Inglourious Basterds poster

Two hours into “Inglourious Basterds,” the fun starts. The biggest World War II Nazis are assembled in occupied Paris to watch a propagandistic film about a Nazi war hero who shot 300 men in three days from a bell tower in Italy. Suddenly, a second film has been cut into their climax. It’s a tight focus, close up of a beautiful, angry woman’s face: “I have a message for Germany. That you are all going to die. And I want you to look deep into the face of the Jew who’s going to do it! My name is Shosanna Dreyfus, and this is the face of Jewish vengeance.” There are screams. There are gunshots. Americans burst into Hitler’s private booth, knock him to the ground and repeatedly machine gun his face to the consistency of shredded bologna.

Hell yes, it’s a darkly satisfying scene.

Of course, there’s the matter of those first two hours, past the clever opening sequence’s five fonts, past the even cleverer musical stylings and mostly past a vast assortment of characters with clever nicknames who all explain the exploits that earned them those names.

And Brad Pitt. Pitt is not pleased in this film. You can see it in his eyes, from the start, that lack of glint, of fun, of Tyler Durden intelligence or Pikey intensity or “12 Monkeys” insanity. Perhaps, he was told, like the audience, that a movie named for this group would focus on them — Jewish guerillas behind enemy lines, fueled by the desire for revenge against their people, learned in Pitt’s questionable Apache war techniques, such as scalping and carving swastikas into survivors’ foreheads. I wouldn’t be pleased either, if master Tarantino could only come up with post-scalping dialog like, “You’re getting pretty good at that.” “Well, you know how you get to Carnegie Hall, don’t you? Practice.”

Instead, most of the film focuses on Shoshanna, a now-grown up French girl whose Jewish family was killed by Colonel Hans Landa. Landa shows back up when Nazi war-hero-turned-film-star Fredrick Zoller falls for her and wants to premiere the movie in her small theater. Shoshanna and her secret black boyfriend Marcel decide to set their collection of flammable nitrate films on fire and lock the prominent premiere-attending Nazis in the burning theater.

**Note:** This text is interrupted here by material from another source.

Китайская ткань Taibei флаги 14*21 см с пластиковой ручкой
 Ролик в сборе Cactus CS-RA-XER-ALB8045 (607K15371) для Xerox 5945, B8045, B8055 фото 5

The Basterds, meanwhile (remember them?) are working on a parallel plot for some reason, even though they’ve been doing their best work ambushing Nazis in the forest and not pretending to be able to mingle with officers at film premieres. When they must do so, it’s agonizingly poorly planned. Brad Pitt’s Italian accent is on par with Will Ferrell doing George W. Bush speaking Spanish, though what kind of a judgment call that is is up to you.

Speaking of judgment calls, let’s talk money. “Resevoir Dogs,” “Pulp Fiction” “Jackie Brown” and “Kill Bill” cost as much as episodes of “Friends” and “Lost.” In 2007, Tarantino landed $53 million for “Death Proof,” the kind of low-budget slash-sploitation movie whose creators would have salivated for the $7 million budget “Jaws” got. “Basterds” got $70 million.

What did that money buy? Dialog in French and German, full of cliches, devoid of pop. A Bowie song, and one by Billy Preston too. The full feature the Nazi audience came to see, “Nation’s Pride.” A Guy Ritchie-like three-second cut-away from Goebbels’ polished, Bettie Page-like interpreter, where he’s got her bent over doggy-style. And, apart from a glorious finale of revenge pornography, a slightly hollow feeling that Tarantino’s let himself become facile.

Right before the SS get schwenker-grilled in the fifth chapter, Shoshanna turns down the amorous Nazi film hero, saying: “Are you so used to the Nazis kissing your ass, you’ve forgotten what the word ‘No’ means?” Far be it to compare Tarantino’s film-making entourage to Nazis, but perhaps the ass-kissing thing might apply. Tarantino could have surprised us all the way through, rocked the war movie genre in ways so unexpected that his decision to bring back John Travolta from Hollywood obsolescence would look obvious in hindsight. Instead, at the end, one final swastika gets carved into one final Nazi forehead.

The final line of the movie, spoken by Pitt, is: “I think this just might be my masterpiece.” No, Quentin, it’s not. You used to be practiced in sweating and working and hungering to prove yourself. Recently, you’ve become practiced at being royalty. Perhaps you need to remember which was the most important.

Ashley O’Dell reviews movies that aren’t in theaters anymore.